> Exercise aim
Down to the last line, set down the material below exactly; skip the pictures.

> Material provided
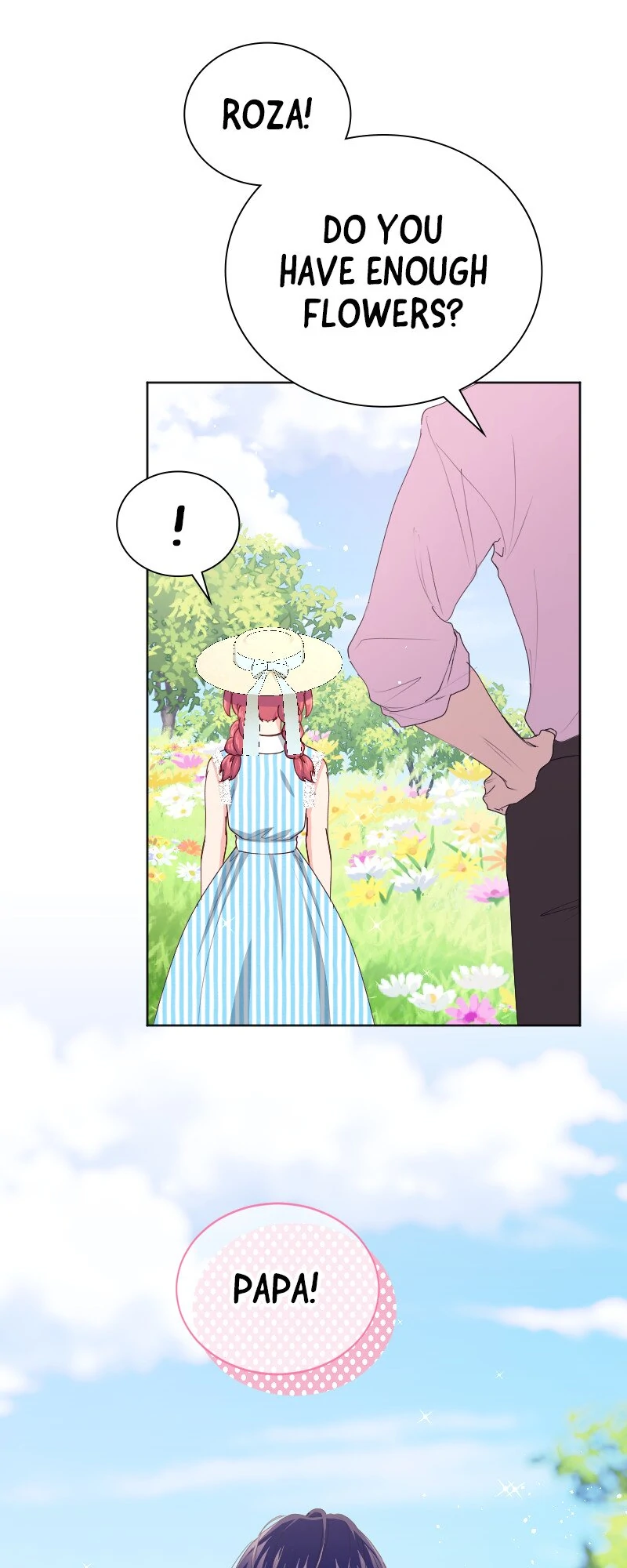 Our Lovey-Dovey Marriage of Convenience Chapter 40 - Page 44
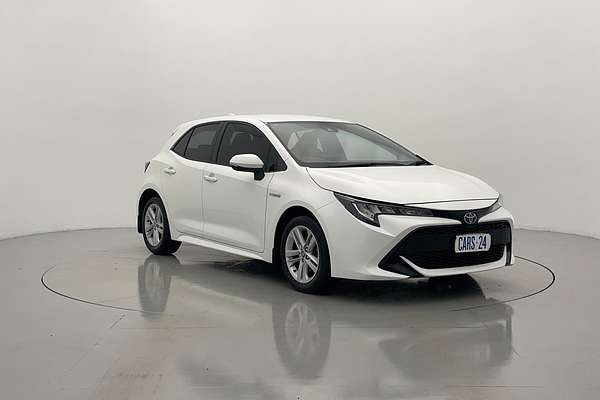2019 Toyota Corolla Ascent Sport Hybrid ZWE211R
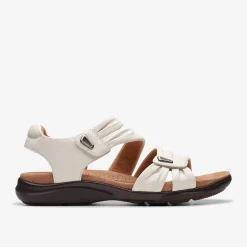 Kitly Ave Off White Leather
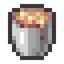 Raw Arcane Gold Bucket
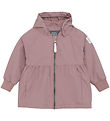 Color Kids Lightweight Jacket - Solid - Woodrose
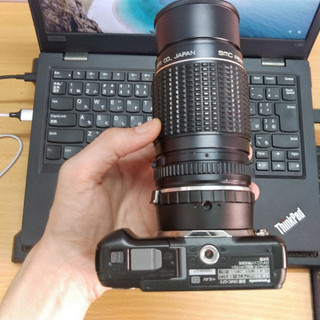 Máy ảnh Lumix GF3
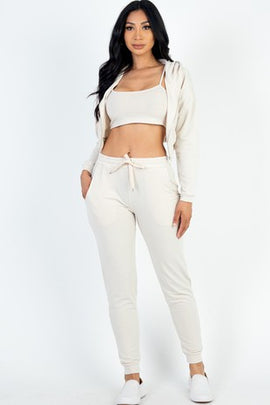 Aaliyah beige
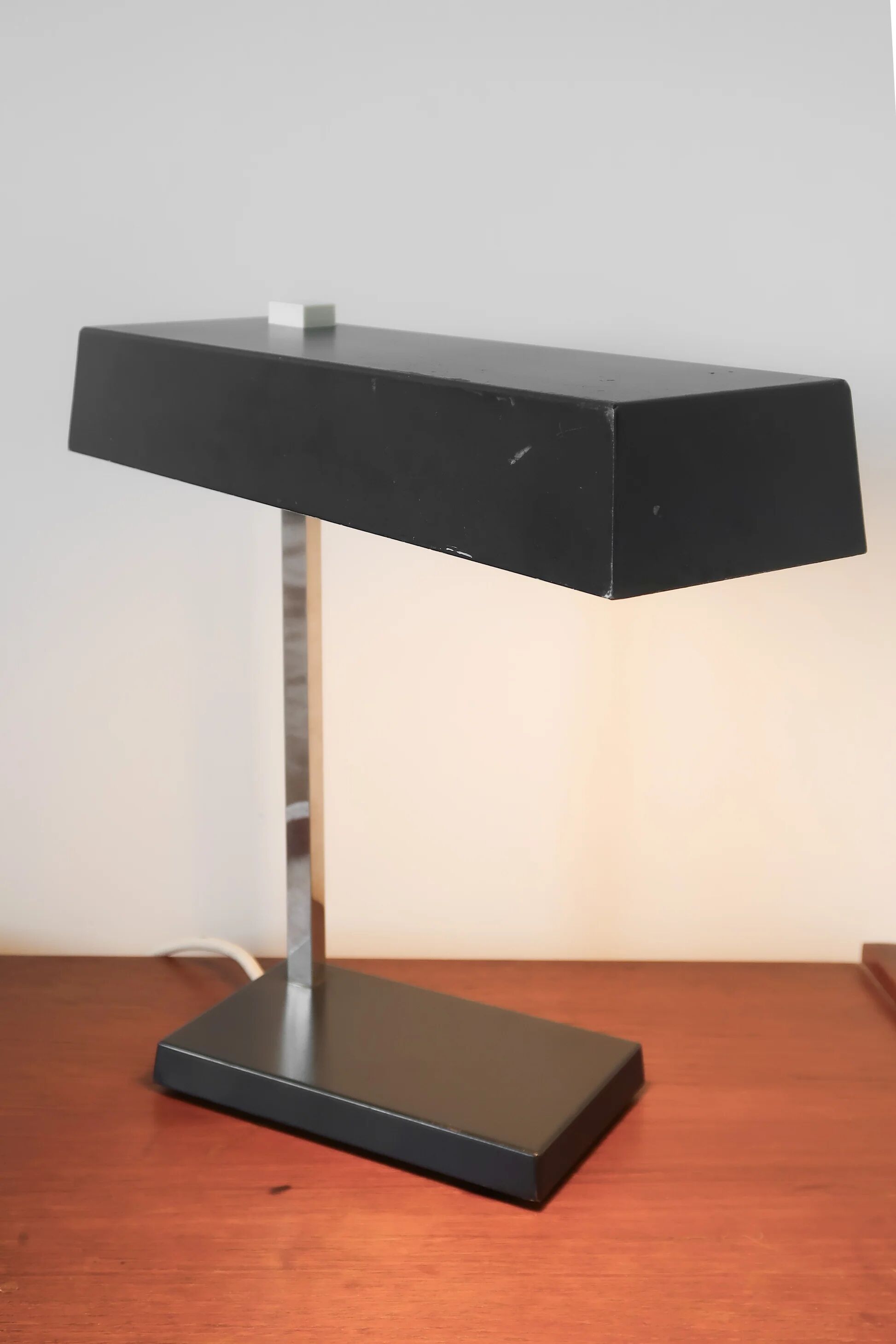 Egon Hillebrand lamp 60’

> Answer box
 Our Lovey-Dovey Marriage of Convenience Chapter 40 - Page 44
2019 Toyota Corolla Ascent Sport Hybrid ZWE211R
 Kitly Ave Off White Leather
 Raw Arcane Gold Bucket
 Color Kids Lightweight Jacket - Solid - Woodrose
 Máy ảnh Lumix GF3
 Aaliyah beige
 Egon Hillebrand lamp 60’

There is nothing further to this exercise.